*Work task*
Please give every record below again exactly, and keep the pictures out.

+++ Extracted entries

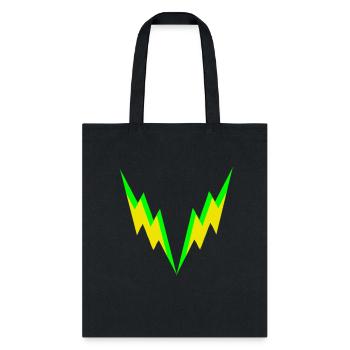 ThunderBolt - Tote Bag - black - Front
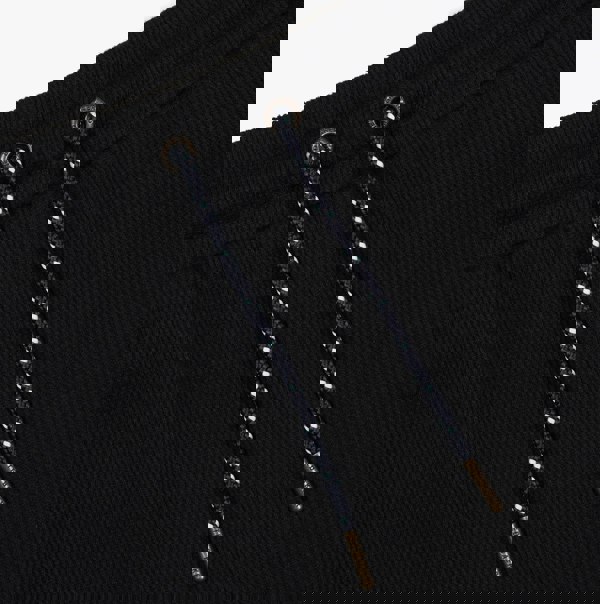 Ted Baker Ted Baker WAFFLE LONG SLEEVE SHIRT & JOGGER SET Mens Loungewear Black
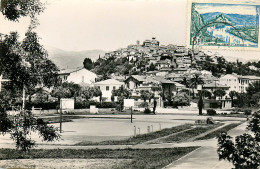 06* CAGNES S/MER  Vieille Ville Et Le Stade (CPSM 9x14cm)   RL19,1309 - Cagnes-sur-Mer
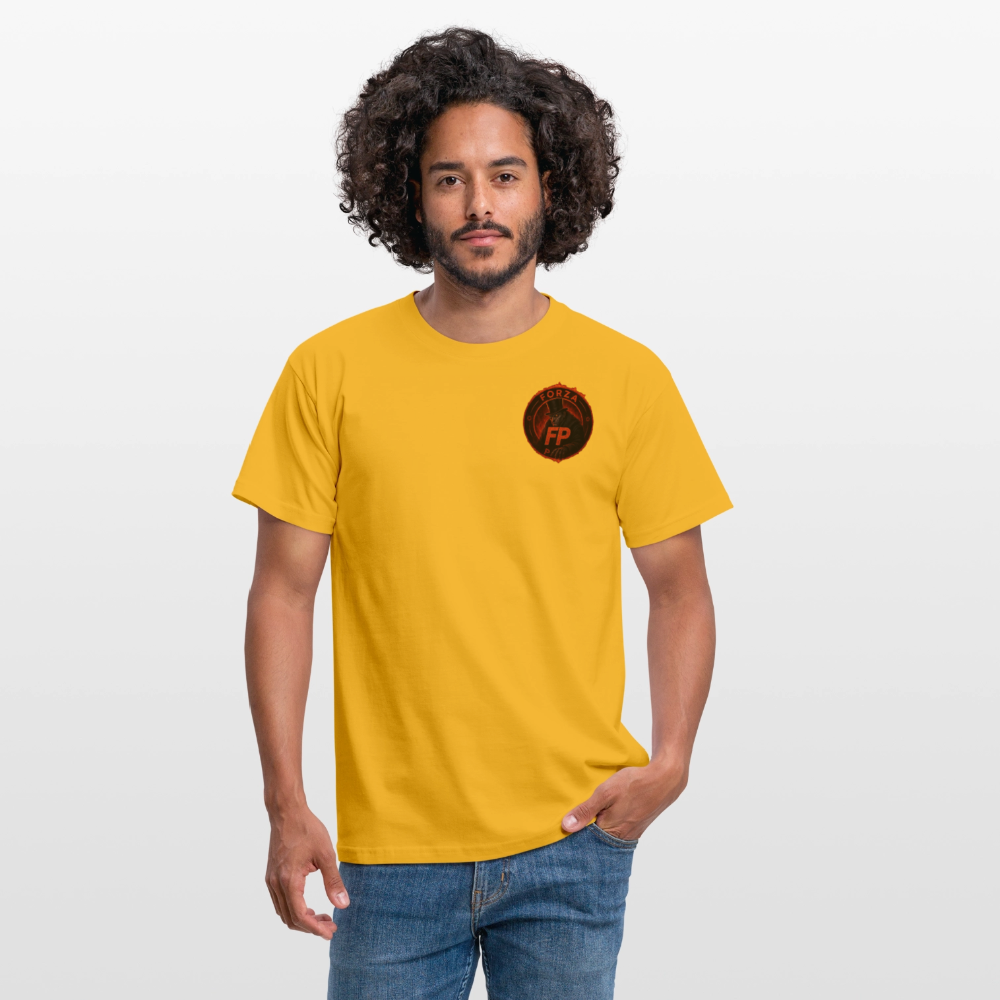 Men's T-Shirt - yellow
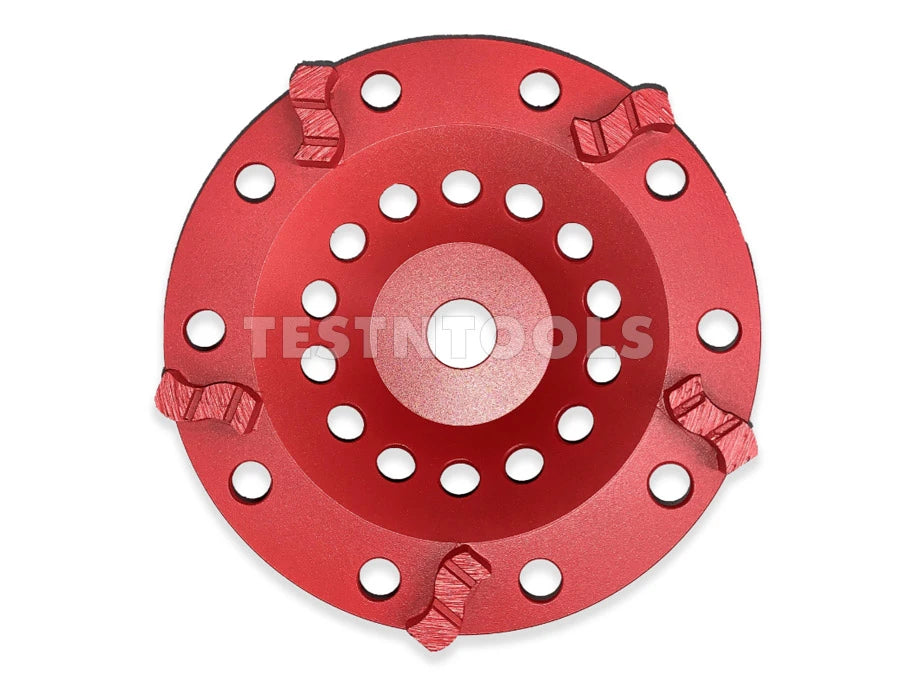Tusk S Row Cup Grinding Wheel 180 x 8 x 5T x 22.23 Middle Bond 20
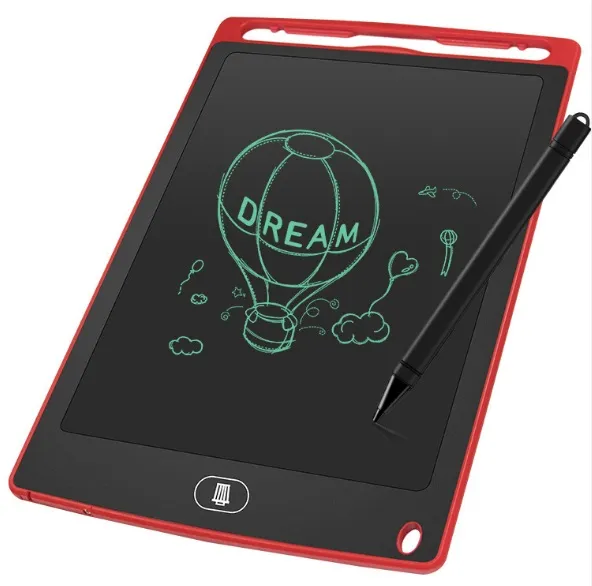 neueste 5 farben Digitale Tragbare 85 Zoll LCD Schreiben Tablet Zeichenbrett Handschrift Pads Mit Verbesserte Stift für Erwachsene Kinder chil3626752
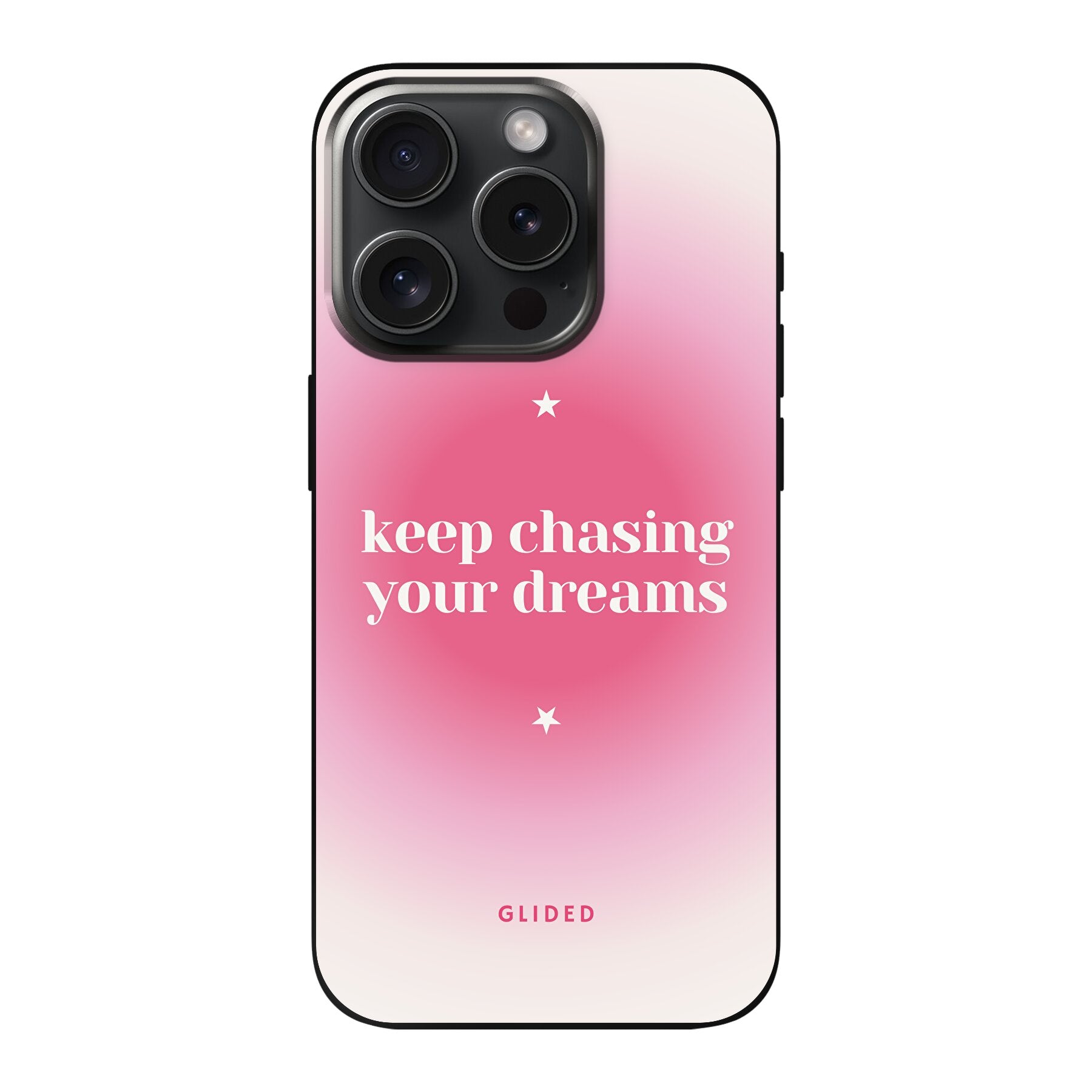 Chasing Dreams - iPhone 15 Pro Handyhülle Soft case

++++++

*Solution to the exercise*
 ThunderBolt - Tote Bag - black - Front
 Ted Baker Ted Baker WAFFLE LONG SLEEVE SHIRT & JOGGER SET Mens Loungewear Black
 06* CAGNES S/MER  Vieille Ville Et Le Stade (CPSM 9x14cm)   RL19,1309 - Cagnes-sur-Mer
 Men's T-Shirt - yellow
Tusk S Row Cup Grinding Wheel 180 x 8 x 5T x 22.23 Middle Bond 20
 neueste 5 farben Digitale Tragbare 85 Zoll LCD Schreiben Tablet Zeichenbrett Handschrift Pads Mit Verbesserte Stift für Erwachsene Kinder chil3626752
 Chasing Dreams - iPhone 15 Pro Handyhülle Soft case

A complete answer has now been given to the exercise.